SCEV determines the inner loop induction variable to be loop-invariant at the scope of the outer loop

Dear all,

For the following IR which is essentially a doubly nested loop, if we get the SCEV expression for the inner loop induction variable, i.e., %j.018, at the scope of the outer loop using getSCEVAtScope(), the result is: 9. That is a constant, or loop-invariant.

However, %j.018 does keep changing within the scope of the outer loop since it is the induction variable of the inner loop, so it is not straightforward to me why %j.018 is considered a loop-invariant. Something like “{0,+,1}<%for.body4>” would make more sense to me.

I’m wondering if I can get any comments on that?

Best regards,

Congzhe

%j.018 is variant in the innermost loop (for.body4), but after
existing that loop, it will have the value before leaving the loop. If
you intent to use %j.018 in the innermost loop, you need to call
getSCEVAtScope() with the innermost loop as the scope. getSCEVAtScope
with a scope outside the loop (or NULL) will try to derive the exit
value.

Michael

Hi Michael,

Thanks for the reply! As you’ve seen, my purpose is indeed to use getSCEVAtScope(V, L) with V being an instruction/value in the inner loop and L being the outer loop.

  • I can somewhat see that if V is the induction variable for the inner loop, then getSCEVAtScope(V, L) tries to derive the backedgeTakenCount of the inner loop. Is it always correct?

  • I’m also wondering if V is not the induction variable for the inner loop but some other value inside the inner loop (so this is a more general situation), what would be the expected behavior of getSCEVAtScope(V, L)?

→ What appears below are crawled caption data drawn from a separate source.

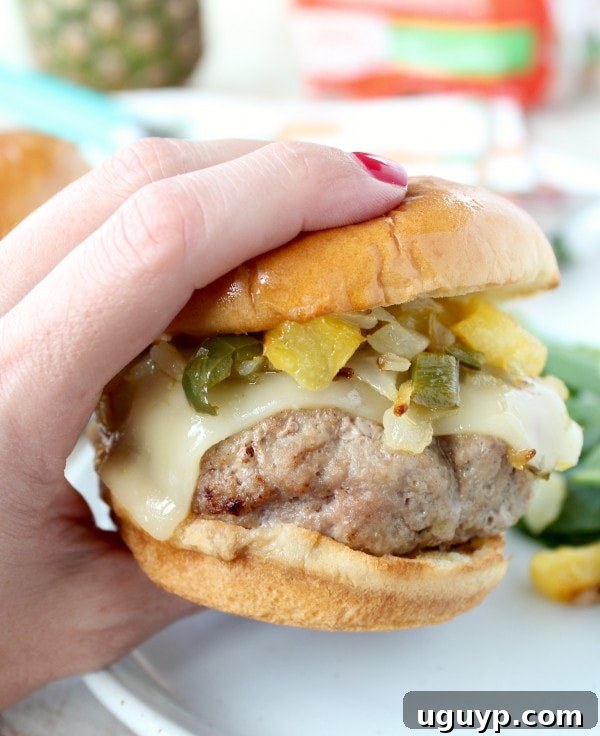 Two Hawaiian Turkey Burgers on toasted King's Hawaiian buns with relish and melted cheese, garnished with a sprinkle of green onion.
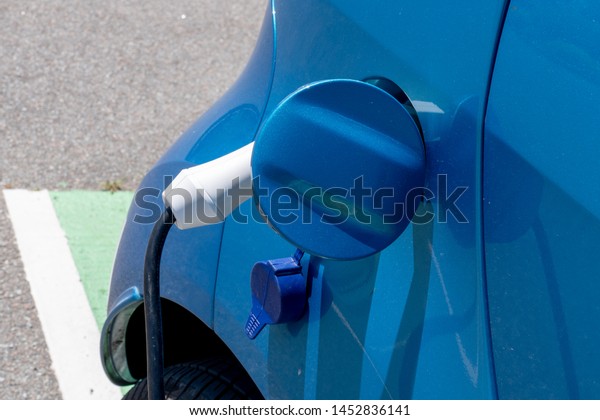 Electric car changing on street parking in future\
EV vehicle concept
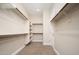 Spacious walk-in closet with built-in shelving and ample storage space at 23448 N 76Th Pl, Scottsdale, AZ 85255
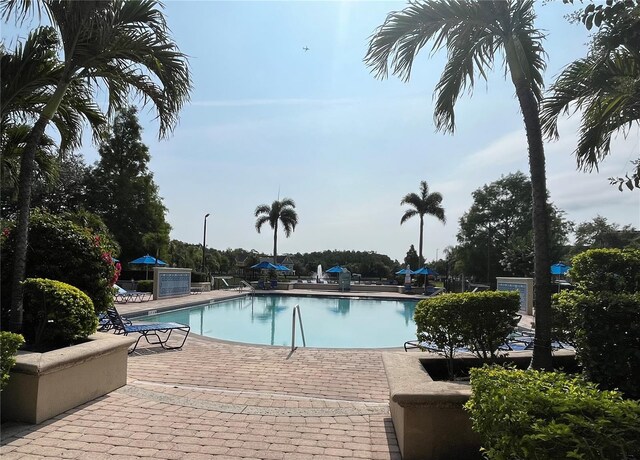 4008 San Gallo Dr Unit 106, Kissimmee, FL 34741 - community pool with a patio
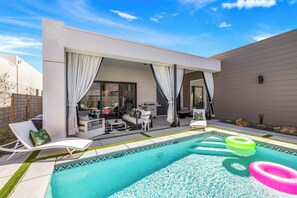 Private pool with patio and outdoor seating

It would be ideal if you could let me know the logic in SCEV regarding this situation.

Thanks again,
Congzhe

Hi Congzhe,

Could you clarify the first question? Whose correctness is in question? backedgeTakenCount() is supposed to always be correct of course. That is different from whether it can always compute the backedge taken count.
Maybe not and it’ll tell you.

For the second question: There’s no special distinction about induction variables. The same logic is for them or other variables and the basic question is “Does your value change because of the loop?”

Now, if you want more resources on understanding the general concepts of scalar evolution, then I recommend these two:

  1. http://users.uoa.gr/~sdi1600105/compilers/introduction-to-scalar-evolution.html
  2. https://www.youtube.com/watch?v=AmjliNp0_00

Disclaimer: The first resource is an article of mine. The reason I recommend it is because I created it because I think it is a very quick and very intuitive introduction, that uses a different intuition than I usually see in tutorials (although this intuition is the one it seems that almost all experienced devs use in their minds).
That said, I would definitely recommend watching 2) either you read 1) or not.

Best,
Stefanos

Στις Τετ, 3 Φεβ 2021 στις 10:16 μ.μ., ο/η congzhe cao via llvm-dev <llvm-dev@lists.llvm.org> έγραψε:

Hi Stefanos,

Thanks a lot for providing the resources - they are definitely helpful.

Best regards,
Congzhe

Hi Congzhe,

Glad they helped! Feel free to ask any other questions either here or on Discord.

Best,
Stefanos

Στις Κυρ, 7 Φεβ 2021 στις 10:30 μ.μ., ο/η congzhe cao <congzhecao@gmail.com> έγραψε:

Hi there,

Can I have one further question please? Currently SCEV uses computeLoopDisposition(SCEV *S, Loop *L) to check if a SCEV expression is a loop invariant. The concern here is that it does not handle cmp instructions very well, because cmp instructions are not recognized as a SCEV type - it is merely an “scUnknown” type. For scUnknown, computeLoopDisposition() only checks if L contains the underlying instruction from S and if that is the case, it determines S is not a loop invariant, which may not be very accurate.

However for a cmp instruction, I suspect it is okay to say if both operands are loop-invariants, then this cmp instruction can be determined to be a loop invariant. I added some code in computeLoopDisposition() under the case of scUnknown that executes that logic - if both operands are loop-invariants then this cmp instruction is a loop invariant. This way we can determine some cmp instructions to be loop invariants (whereas previously they were not determined to be loop invariants), and may expose opportunities for optimization. It unfortunately causes a number of regression test failures and benchmark compilation failures. The failures are from induction variable simplification, ScalarEvolution and ScalarEvolutionExpander. I am able to add fixes here and there to avoid those failures, but my concern is that it seems messy (different fixes in a number of places that address problems caused by loop-invariance of cmp instructions).

Would it be preferred to add full support for cmp instructions in SCEV, like adding and supporting an “scCMP” type in SCEVTypes?

Thanks,
Congzhe

An cmp instruction where both arguments are loop-invariant would
normally be hoisted before the loop by the LICM or GVN pass.

Support for scCMP might be useful, although I don't expect many
compare boolean exit values (that are not already hoisted by LICM)
from loops to be constant. However, support for a conditional SCEV
expression (if /select) would be nice.However, extending
ScalarEvolution can be a lot of work.

FileCheck tests are messy to update, no way around that unfortunately.

Michael